Activity:
Your answer should repeat exactly the lines from the one holding "Manhattan New York" through the end of the data, and it should contain no pictures.

[Caption-style text data]
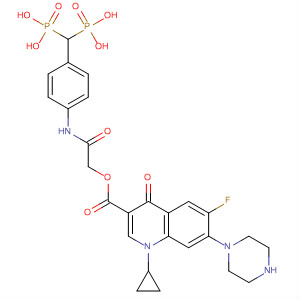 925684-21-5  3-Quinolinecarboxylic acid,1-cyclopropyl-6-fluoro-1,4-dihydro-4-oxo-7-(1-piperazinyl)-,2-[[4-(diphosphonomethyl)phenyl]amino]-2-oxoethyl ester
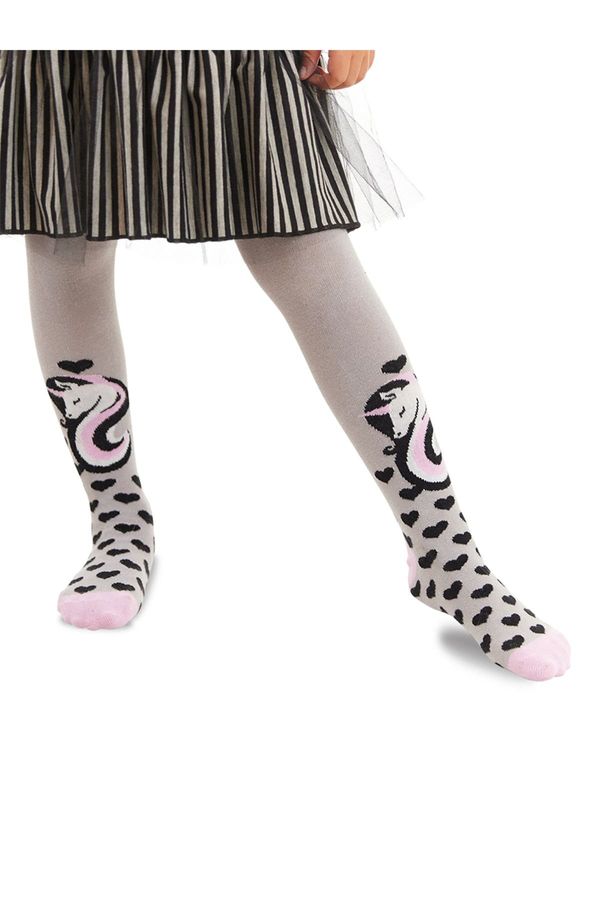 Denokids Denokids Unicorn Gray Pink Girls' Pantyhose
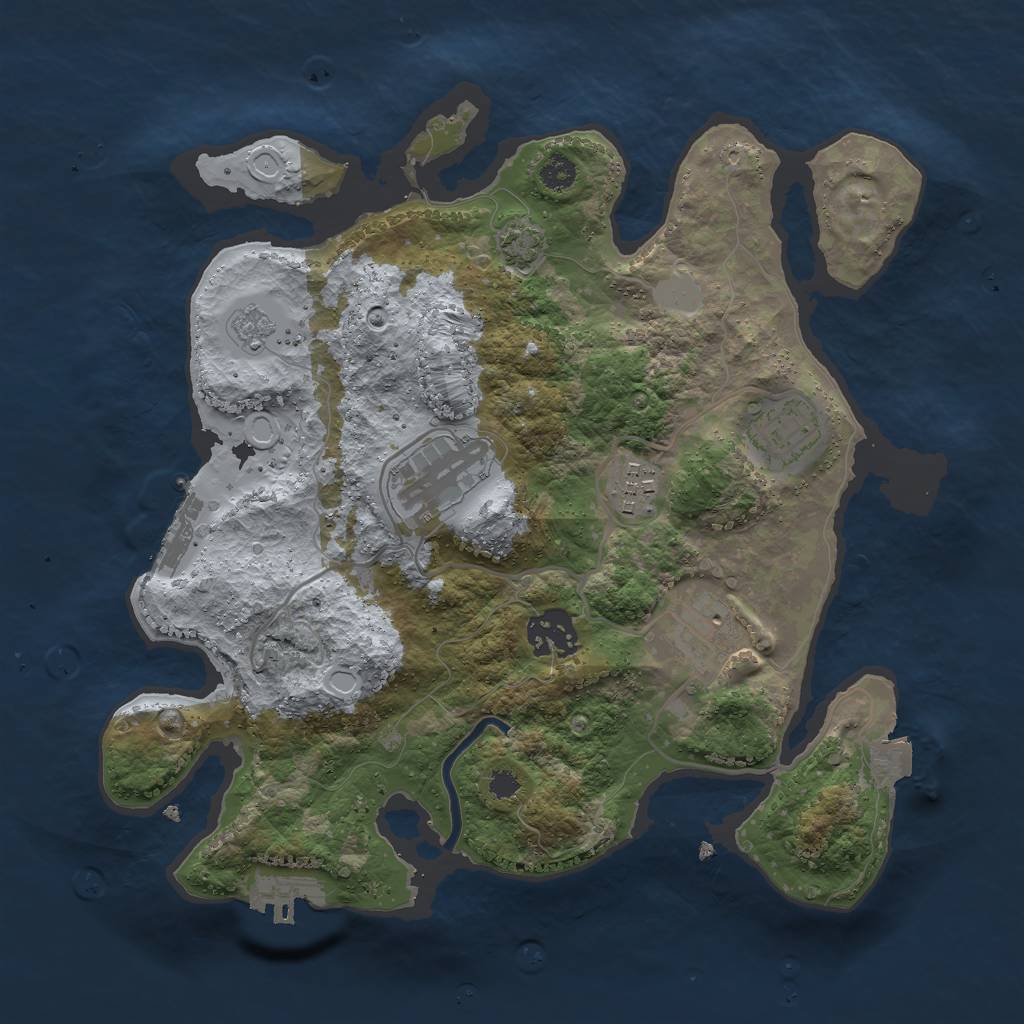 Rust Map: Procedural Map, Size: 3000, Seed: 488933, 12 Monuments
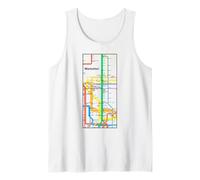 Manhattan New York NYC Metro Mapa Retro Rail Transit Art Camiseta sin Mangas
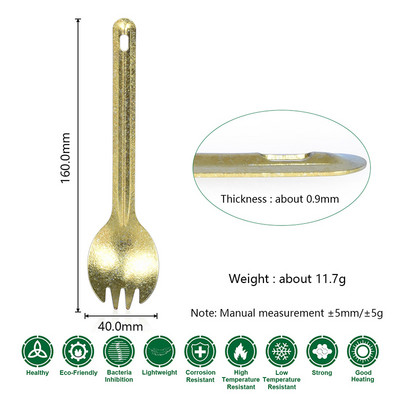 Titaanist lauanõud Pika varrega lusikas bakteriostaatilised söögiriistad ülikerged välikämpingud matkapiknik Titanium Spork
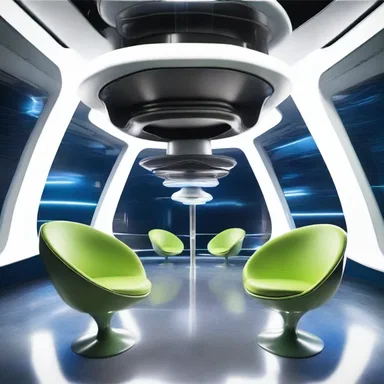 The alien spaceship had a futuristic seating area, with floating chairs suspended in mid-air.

Finished exercise:
 Manhattan New York NYC Metro Mapa Retro Rail Transit Art Camiseta sin Mangas
 Titaanist lauanõud Pika varrega lusikas bakteriostaatilised söögiriistad ülikerged välikämpingud matkapiknik Titanium Spork
 The alien spaceship had a futuristic seating area, with floating chairs suspended in mid-air.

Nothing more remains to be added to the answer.